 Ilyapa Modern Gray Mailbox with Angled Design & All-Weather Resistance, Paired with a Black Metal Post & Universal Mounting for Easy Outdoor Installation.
...
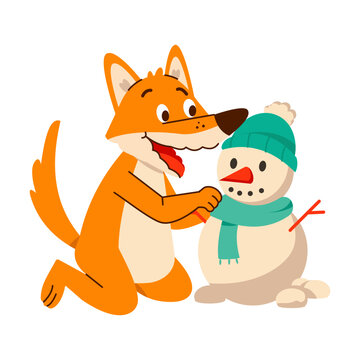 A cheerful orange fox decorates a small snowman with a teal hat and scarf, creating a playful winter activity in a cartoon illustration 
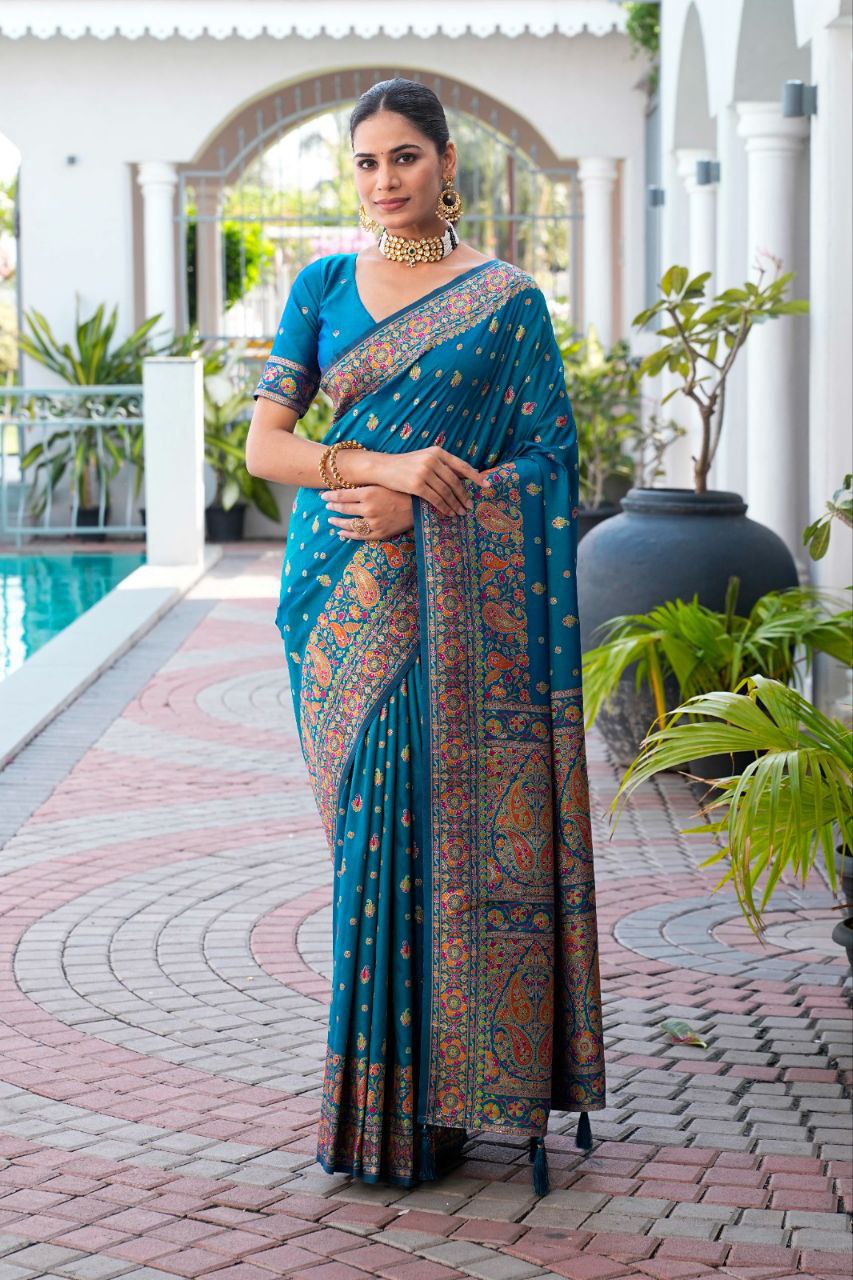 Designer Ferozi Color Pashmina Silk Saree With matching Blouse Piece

## What you will do
Within the material above, only the stretch from the line holding "A cheerful orange" through the line holding "Designer Ferozi Color" is to be restated exactly. Pictures are dropped.

## Solution for this problem
 A cheerful orange fox decorates a small snowman with a teal hat and scarf, creating a playful winter activity in a cartoon illustration 
 Designer Ferozi Color Pashmina Silk Saree With matching Blouse Piece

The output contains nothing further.